About the New Zealand Web Archive
The New Zealand Web Archive is a collection of archived New Zealand and Pacific websites preserved within the National Digital Heritage Archive. Use the web archive to see a visual history of how websites have changed over time. The web archive is part of the Alexander Turnbull Library collections.
For more information about the Web Archive, please visit the National Library of New Zealand website.
Web Archive Discovery Platform Pilot
The Web Archive Discovery Platform pilot is a project that provides full-text search over a limited selection of National Library of New Zealand Web Archive collections, for the purposes of evaluating the viability of providing similar access to the full Web Archive.
Specific content included in this pilot is a harvested copy of the New Zealand Electronic Text Collection (NZETC), previously held by Victoria University of Wellington. Also included, is a small thematic collection of New Zealand general election related websites, harvested as part of the selective web archiving programme within the Alexander Turnbull Library.
This pilot platform provides full-text search across indexed web archive material.

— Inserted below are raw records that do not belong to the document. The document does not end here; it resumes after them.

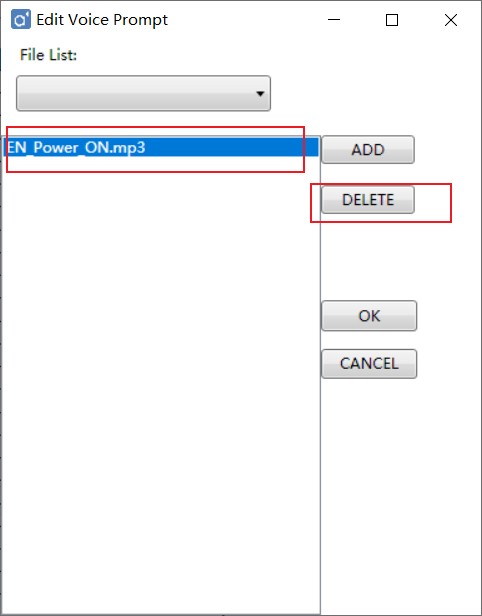 config提示音删除提示音操作
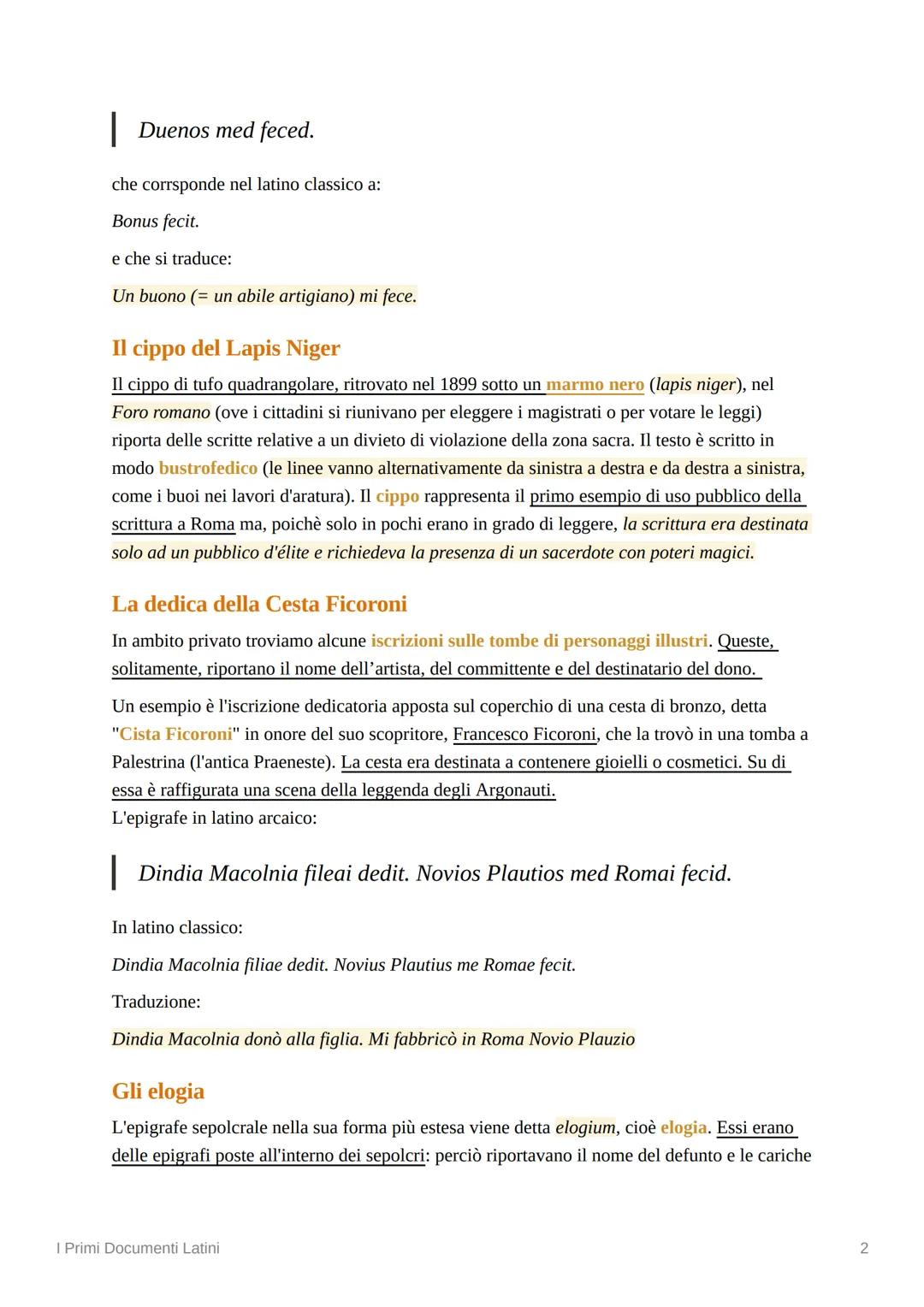 210

# I Primi Documenti Latini

## Le più antiche iscrizioni latine

Le prime manifestazioni culturali latine erano orali. Anticamente la s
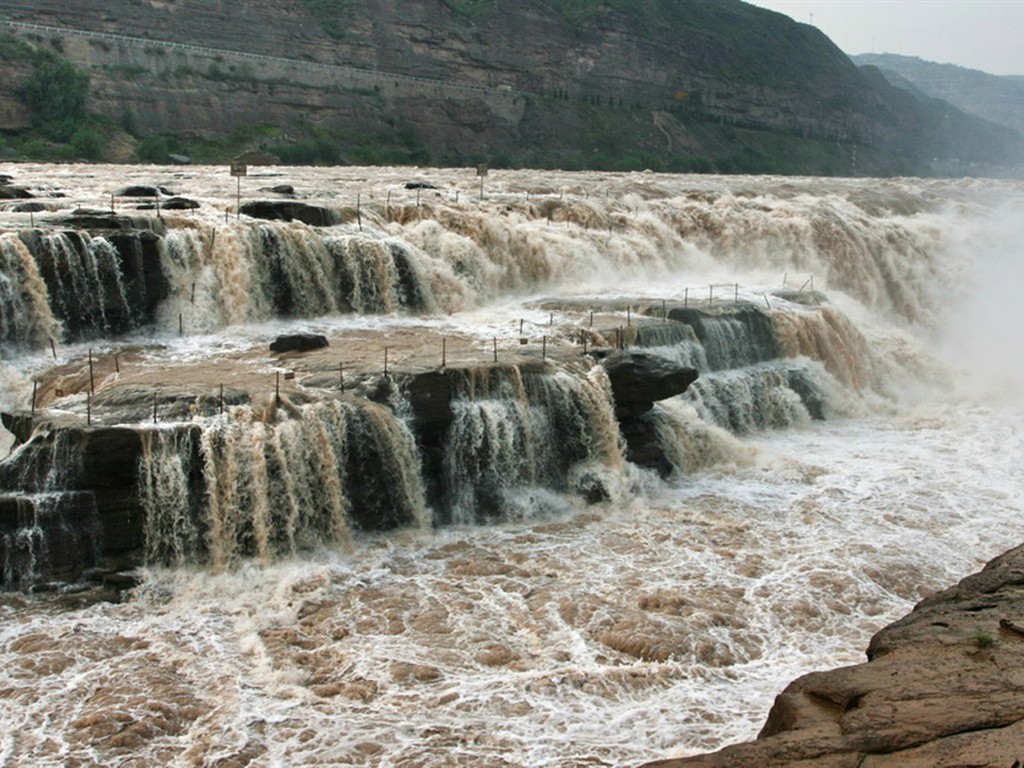 Écoulement continu du fleuve Jaune - Cascade de Hukou Notes de Voyage (Minghu œuvres Metasequoia) #4 - 1024x768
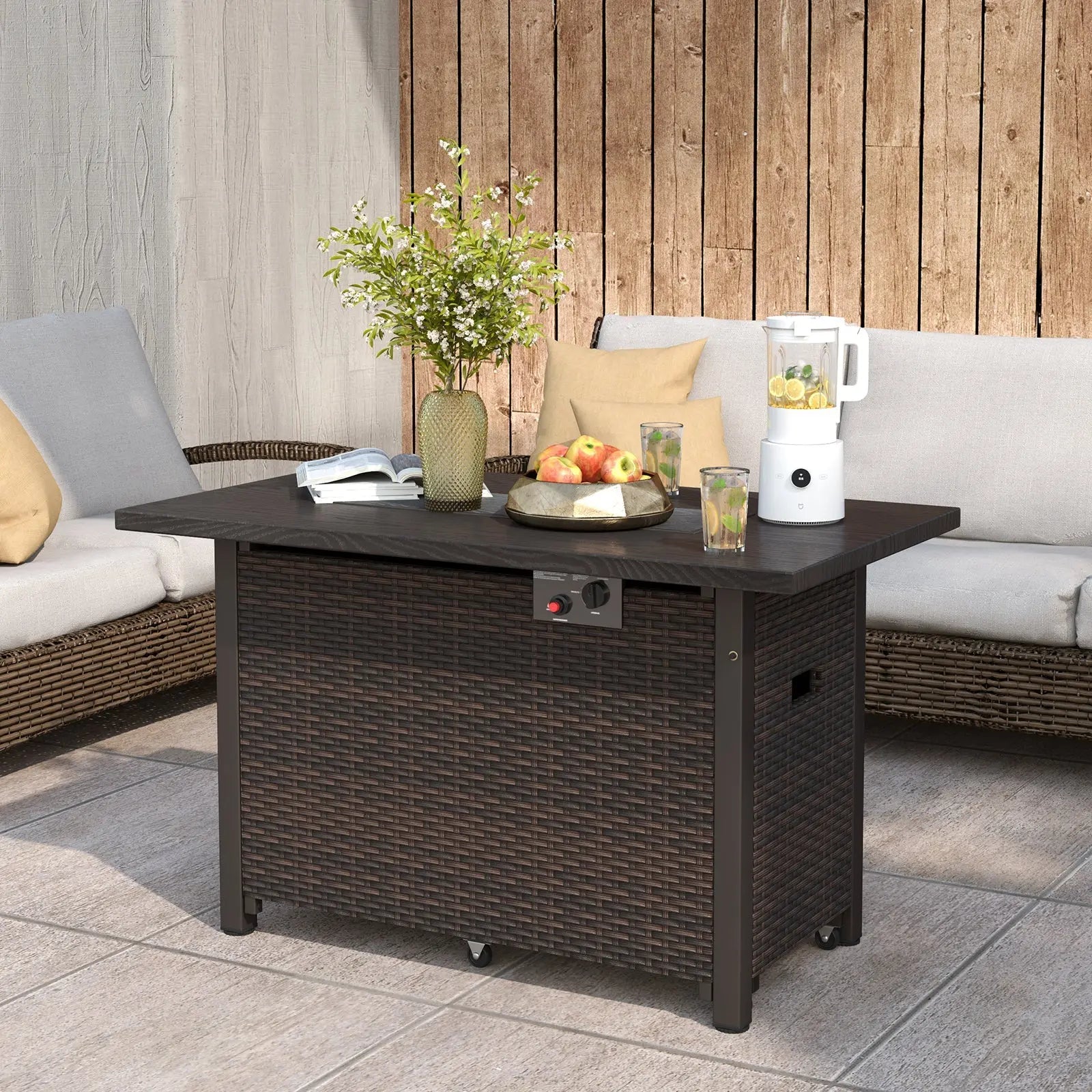 50000 BTU 2 Inch ropane Gas Fire Pit Table with Wind Guard and Glass Rocks-Brown DirectDeals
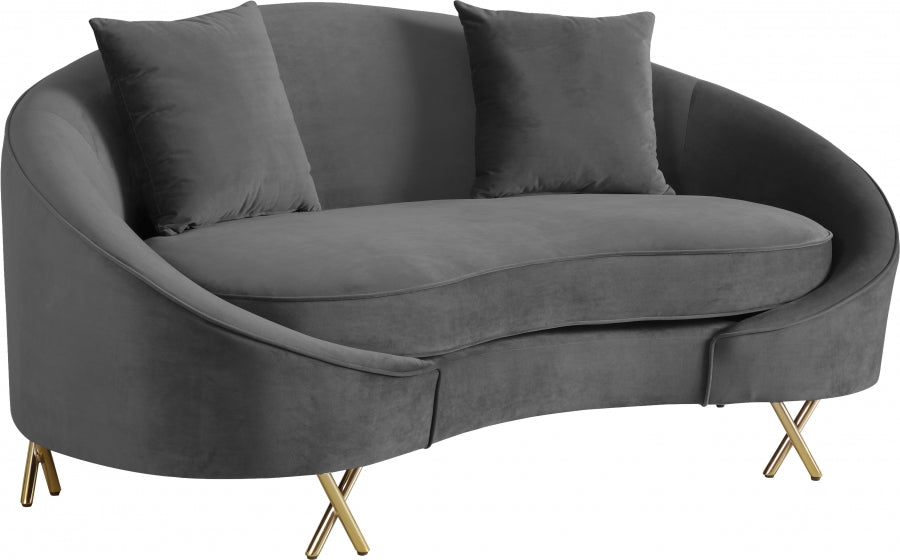 Causeuse serpentine en velours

Viewing and access of web archive content itself is provided through the National Digital Heritage Archive (NDHA). Search results in the platform will link to the content held in the NDHA. The same web archive material can also be found through searching records on the National Library's online catalogue.
Technology
Webarchive-discovery is a project used to data-mine and index ARC and WARC files and make the contents explorable and discoverable. To achieve this, the warc-indexer component within Webarchive-discovery is used to parse the (W)ARC files and, for each resource, it posts a record into one or more search engine instances. Client facing tools can then be used that allow researchers to query the search engine index and explore the collections.
It is an open source project actively developed and supported by the British Library and Royal Danish Library, and used by other web archiving institutions.